Un Français, Paul Bojarski, parcourt la Chine à la recherche des stations de ski de demain, alors que la classe moyenne chinoise découvre les vacances à la neige.
«Cette montagne est l'une des plus belles du monde ; peut-être encore meilleure que les Trois Vallées, en Savoie », sourit Paul Bojarski, en pointant du doigt une carte topographique qu'il a lui-même établie. Cet entrelacement de courbes de niveau et de cours d'eau représente « Dashuigo », un relief perdu au coeur du Sichuan, une province du centre de la Chine, dans une zone sauvage qu'on atteint après deux jours de marche. « Aujourd'hui, cette montagne ne vaut rien. Mais dans quelques années, elle pourrait devenir l'une des meilleures stations de sports d'hiver d'Asie, et une aubaine pour les investisseurs », affirme Paul Bojarski.
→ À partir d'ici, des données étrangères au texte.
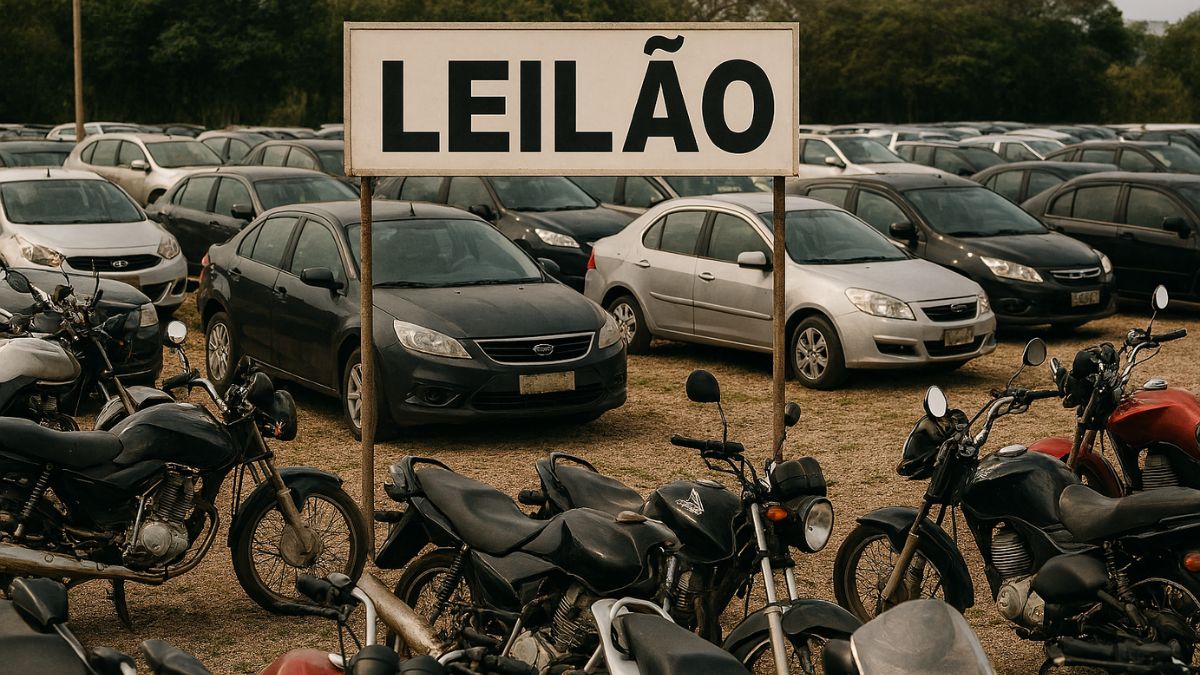 carro automóveis leilão motos detran sp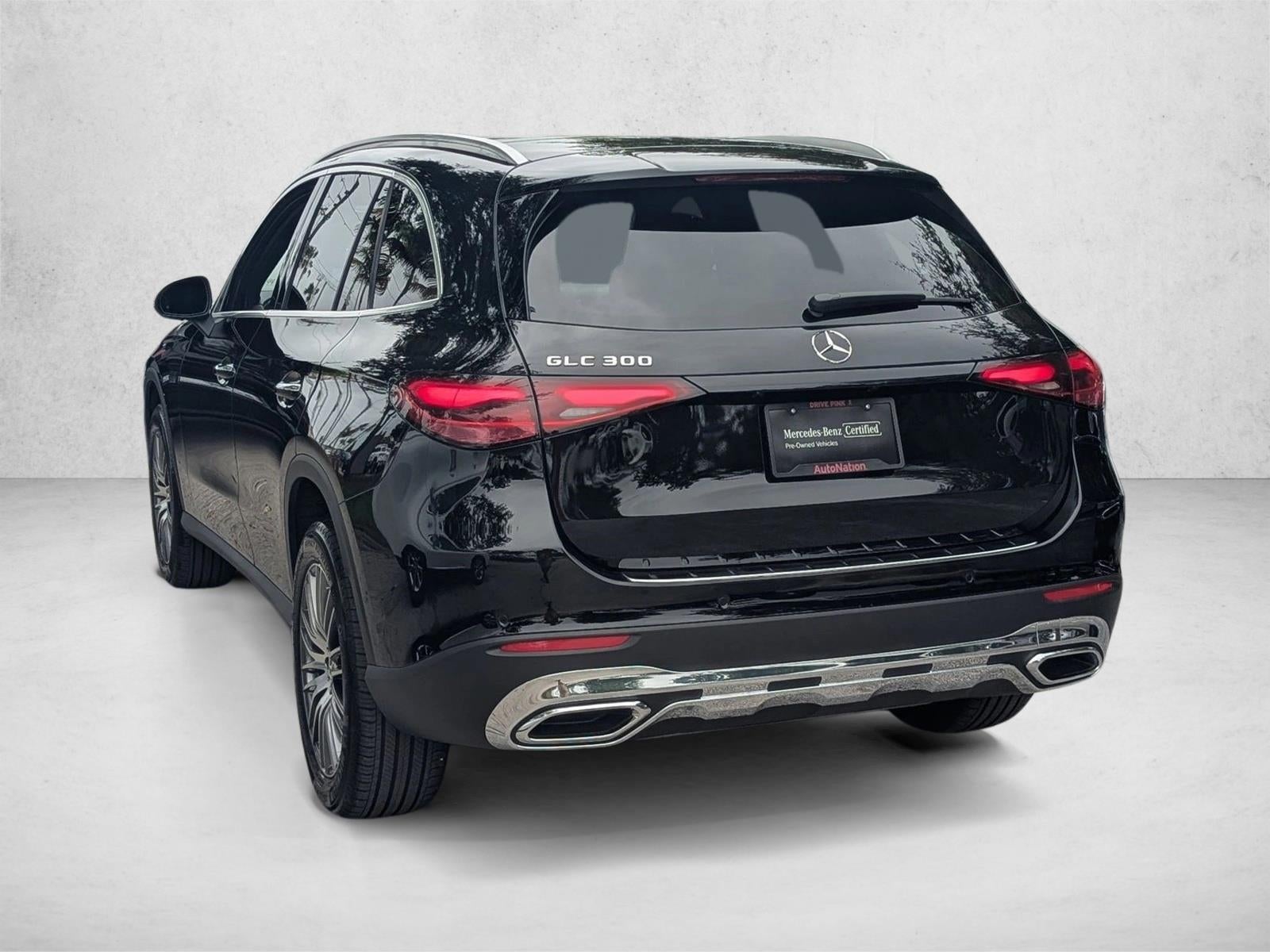 2026 Mercedes-Benz GLC GLC 300 SUV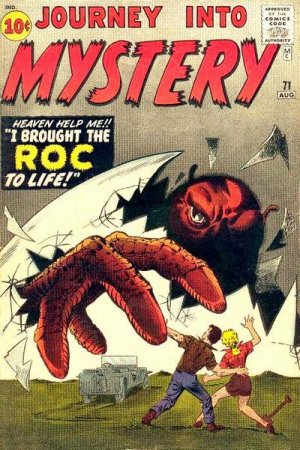 Journey Into Mystery 71 - #71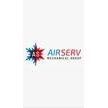Airserv Mechanical Group LLC Logo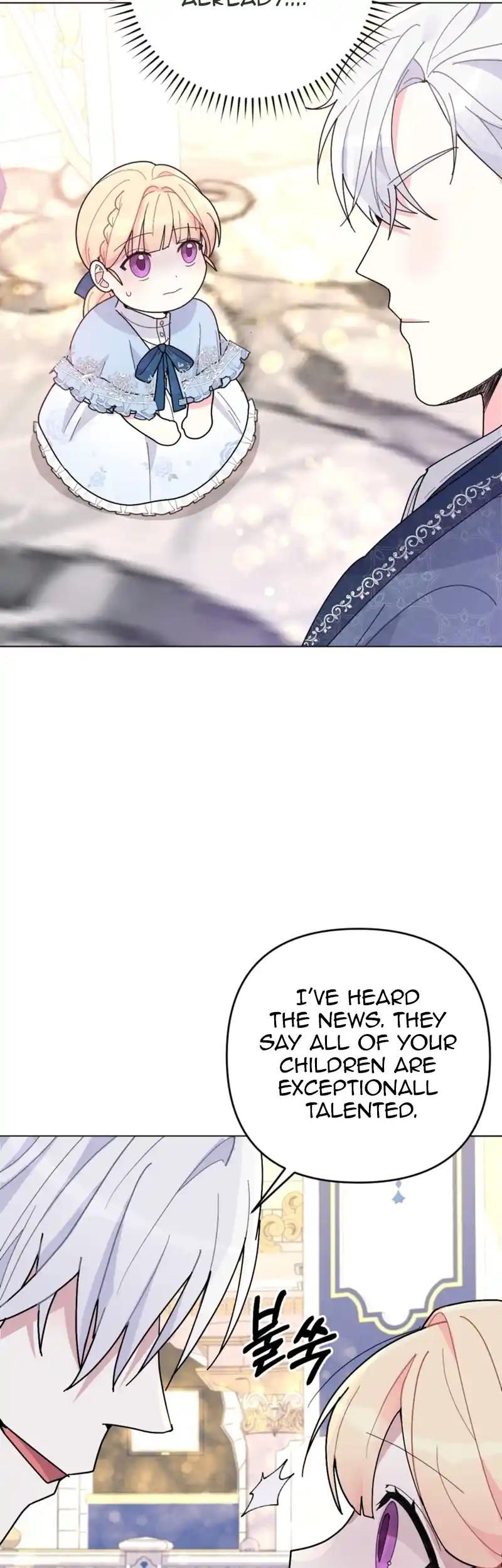 The Chubby Female Lead is Popular Chapter 5 - Page 30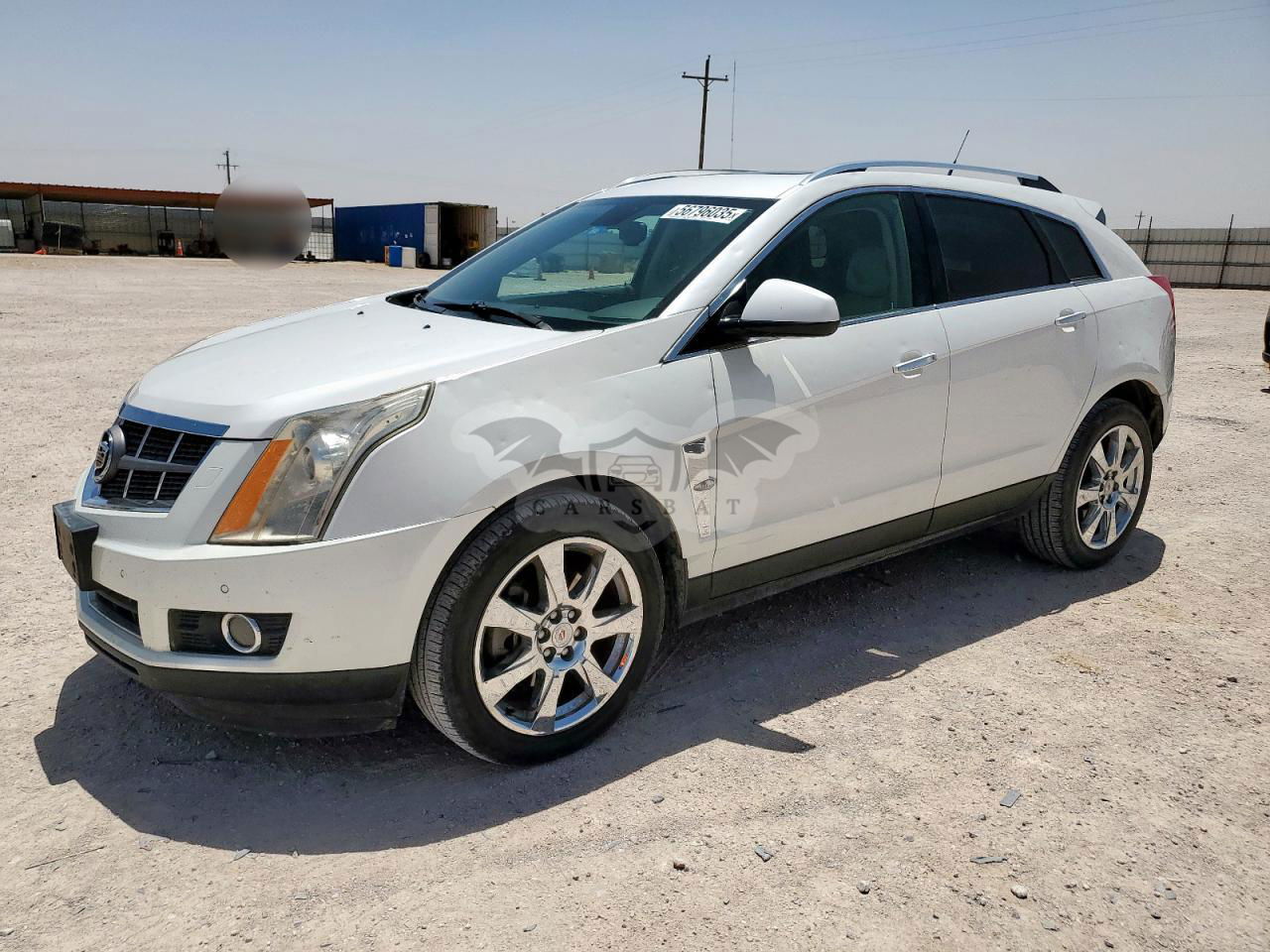 Cadillac SRX PERFORMANCE COLLECTION 3.0L  6 2011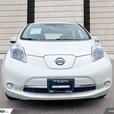 2014 Nissan LEAF Sv Auto, Keyless thumbnail image 2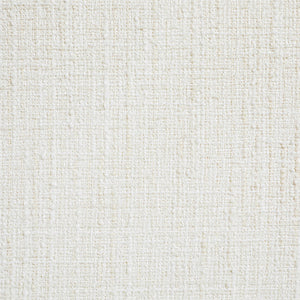 Meridian Furniture Marlowe Barrel Swivel Dining Chair Linen Upholstered Art Deco Style Walnut Base 88031Cream-SC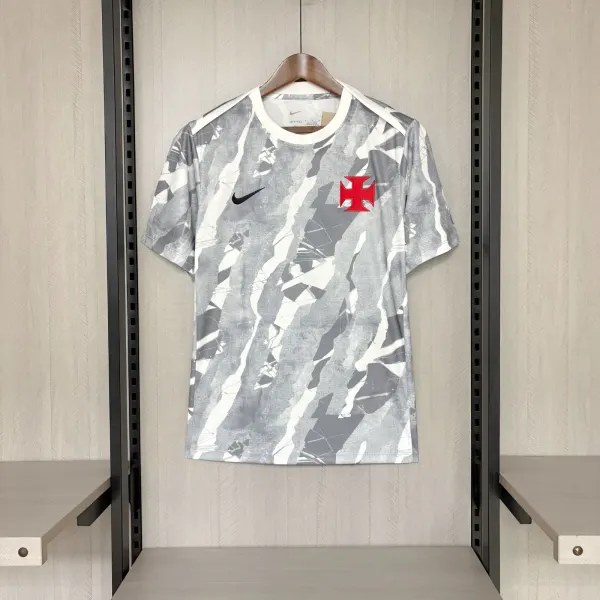 Vasco Pré-jogo - 26/27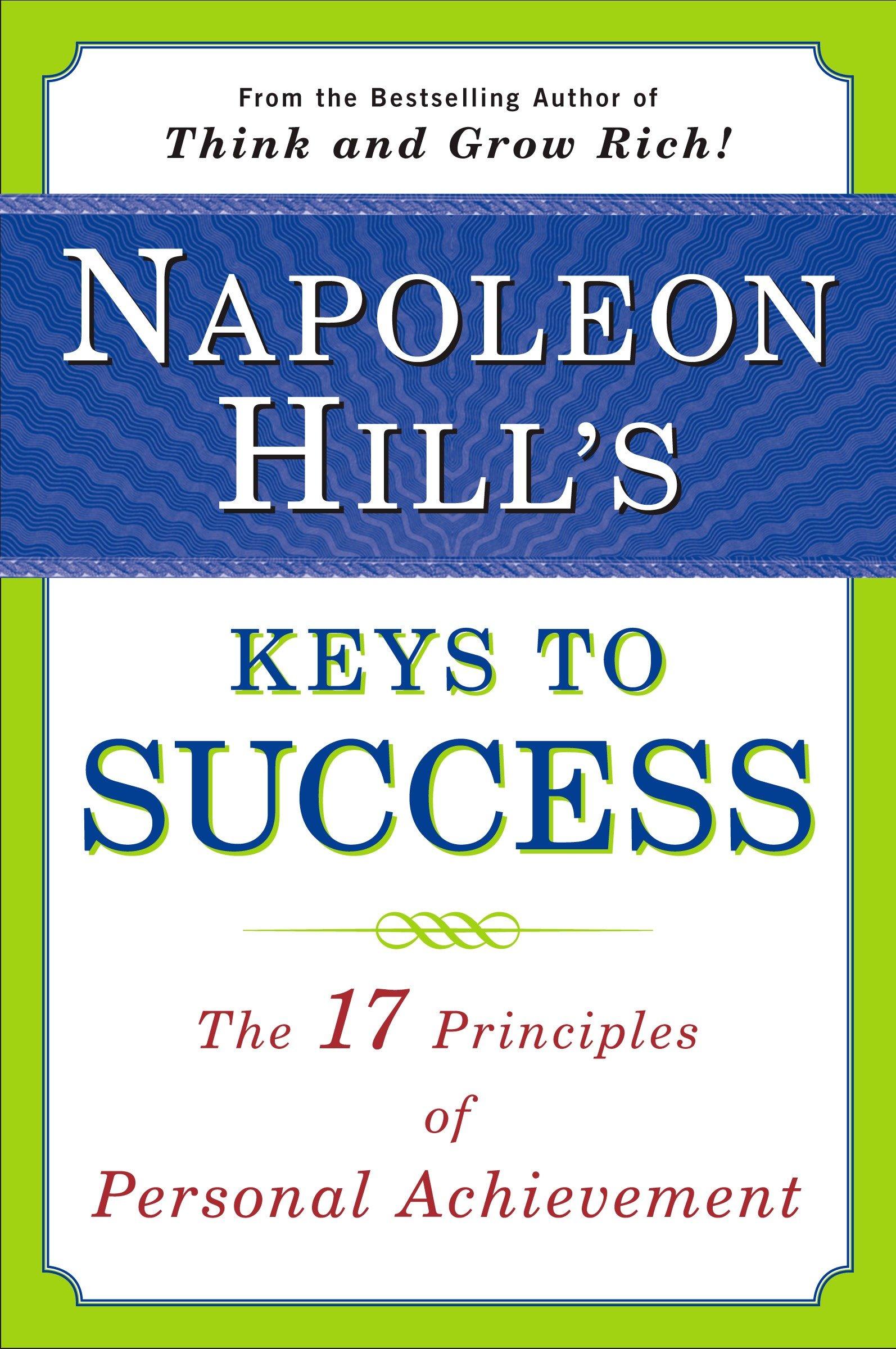 Cover: 9780452272811 | Napoleon Hill's Keys to Success | Napoleon Hill | Taschenbuch | 1997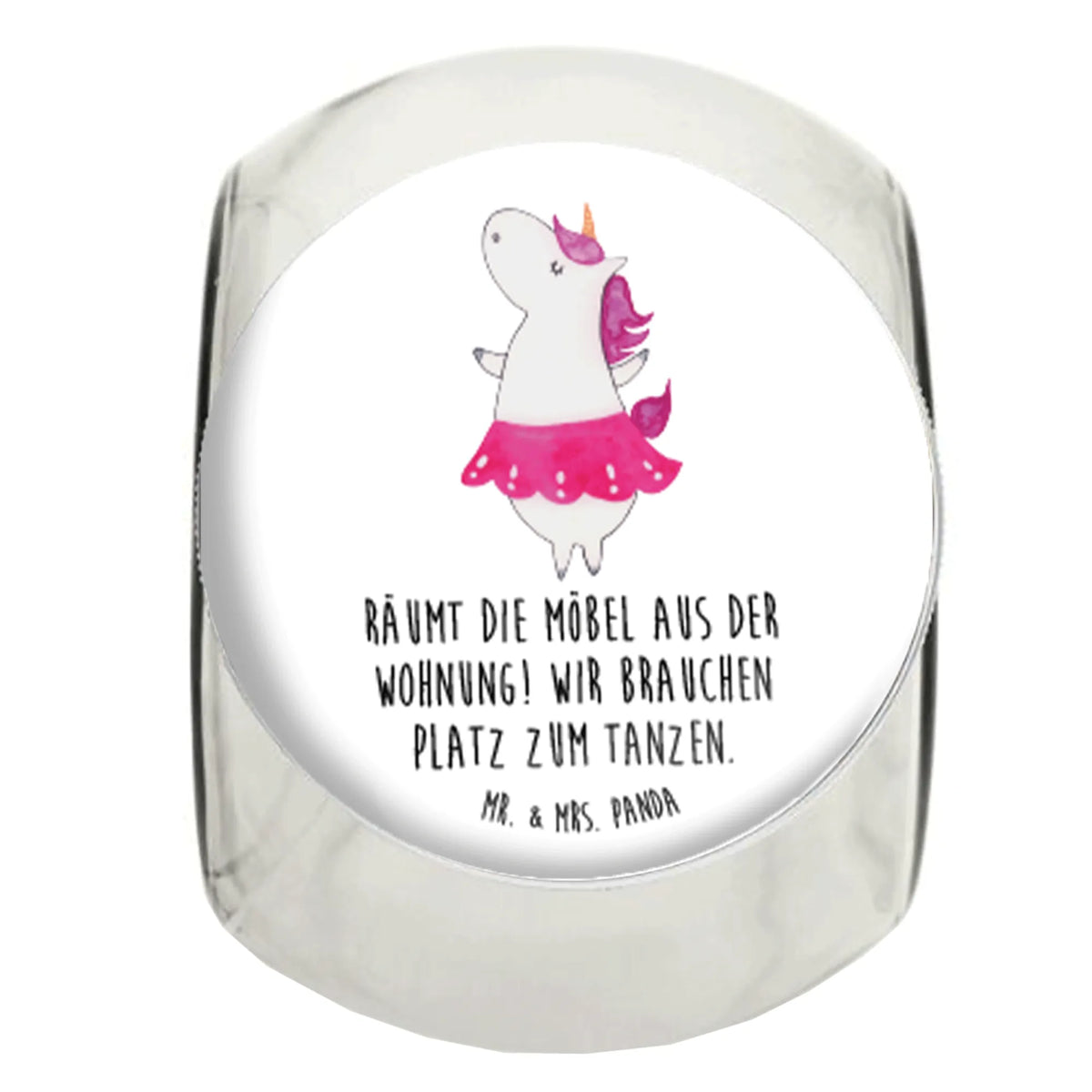 Bonbonglas Einhorn Ballerina Frischhaltedose, lebensmittelbehälter glas, gewürzglas, Bonboniere, Vorratsdose, Bonbonglas, Bonbonbehälter, Naschglas, Müsli Glas, Candyglas, Vorratsbehälter, Süßigkeitenglas, glasbehälter, Vorratsglas, Glasdose, küchenglas, Naschdose, Dekoglas, keksglas, Lebensmittelbehälter, Kaffeedose, Vorratsdose Glas, keksdose glas, schraubglas, Teedose, mehrzweckglas, Aufbewahrungsdose, Süßigkeiten Glas, aufbewahrungsglas, Einhorn, Einhörner, Einhorn Deko, Unicorn, Party, Geburtstag, Lebensfreude, Lebenslust, Wohnung, Ballerina, Spaß, Feiern, Tanzen, Tänzerin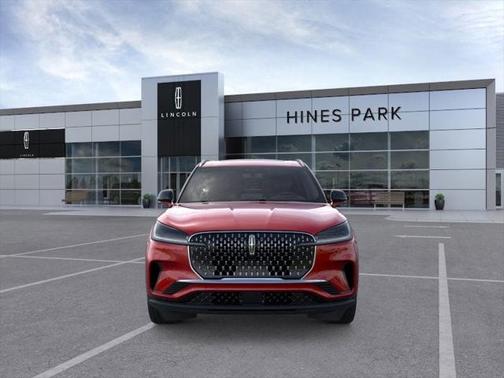 2025 Lincoln Aviator Premiere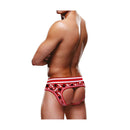 Prowler Red Paw Open Back Brief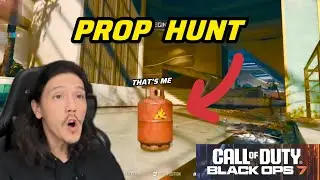 TIZ The Season PROP HUNT в 7 раундах
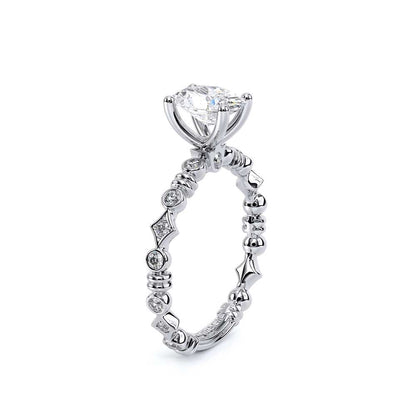Verragio Solitaire Oval Engagement Ring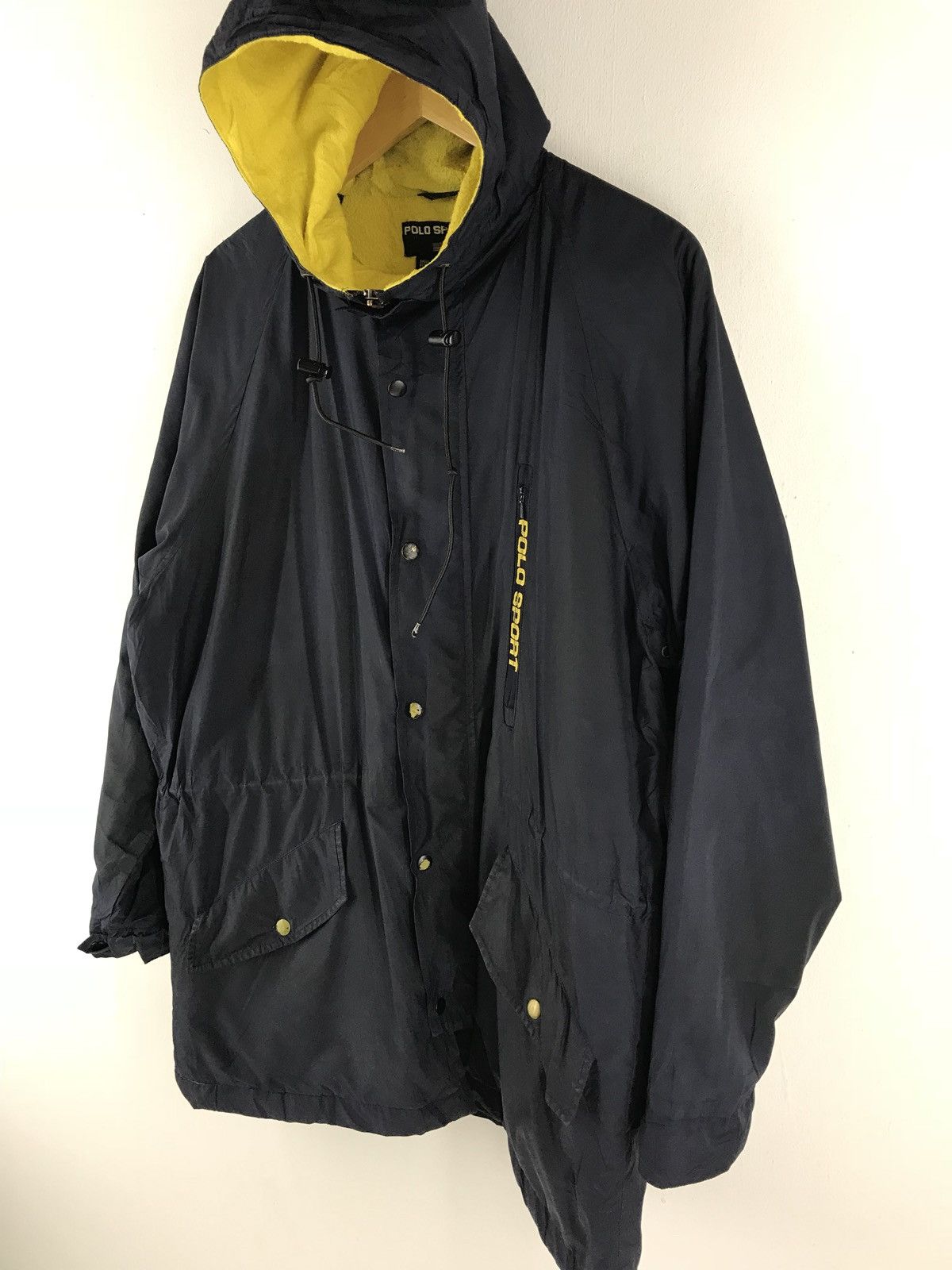 Polo Ralph Lauren 🔔🔥FINAL DROP🔥Vintage Polo Sports By Polo Ralph Lauren Size US S / EU 44-46 / 1 - 5 Thumbnail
Depuis dix ans, ce « chasseur de montagnes » arpente la Chine à la recherche de sites propices à l'installation de stations de ski. Dans le reste du monde, les montagnes sont déjà équipées. « La Chine est le dernier pays où l'on puisse pratiquer ce métier », explique ce Parisien de 60 ans. Ce métier, il l'a appris auprès de « maîtres tels que Jeannot Cattelin, de Courchevel, ou André Bossonney, de Chamonix ». Avec ce dernier, au Chili, dans les années 1980, il apprend à interpréter les signes de la montagne. En évaluant par exemple la direction et la force des vents dominants en fonction de la courbure de la cime des arbres, ou encore l'enneigement hivernal en inspectant l'aspect des buissons.
L'essentiel de l'évaluation d'un site se déroule sur le terrain, durant des randonnées de plusieurs jours en pleine nature. Des expéditions durant lesquelles Paul et son équipe s'évertuent à être aussi discrets que possible. Dashuigo, par exemple, est un nom de code : « Nous ne pouvons pas utiliser l'appellation réelle du lieu tant que le projet n'est pas complètement ficelé et que la montagne n'est pas contrôlée. » Contrôler la montagne ? C'est s'assurer légalement la maîtrise des sources d'eau et des droits de construction de routes, pour neutraliser la concurrence.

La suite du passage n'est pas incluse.